___ Available data ___

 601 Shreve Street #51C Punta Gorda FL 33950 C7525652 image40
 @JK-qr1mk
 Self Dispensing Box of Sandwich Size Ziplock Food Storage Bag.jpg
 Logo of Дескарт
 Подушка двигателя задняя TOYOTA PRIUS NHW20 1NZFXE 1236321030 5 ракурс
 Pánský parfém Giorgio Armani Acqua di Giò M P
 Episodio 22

___
___ Available data ___

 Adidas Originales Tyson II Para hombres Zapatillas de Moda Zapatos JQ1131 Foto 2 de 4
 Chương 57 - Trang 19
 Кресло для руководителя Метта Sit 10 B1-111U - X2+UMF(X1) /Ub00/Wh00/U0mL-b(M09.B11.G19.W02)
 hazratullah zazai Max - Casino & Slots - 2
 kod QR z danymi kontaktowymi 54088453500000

___

**Your objective**: From the entries above, give again exactly the lines running from the line with "hazratullah zazai Max - Casino & Slots - 2" to the line with "kod QR z danymi kontaktowymi 54088453500000"; include both of those lines.

**Worked solution**:
 hazratullah zazai Max - Casino & Slots - 2
 kod QR z danymi kontaktowymi 54088453500000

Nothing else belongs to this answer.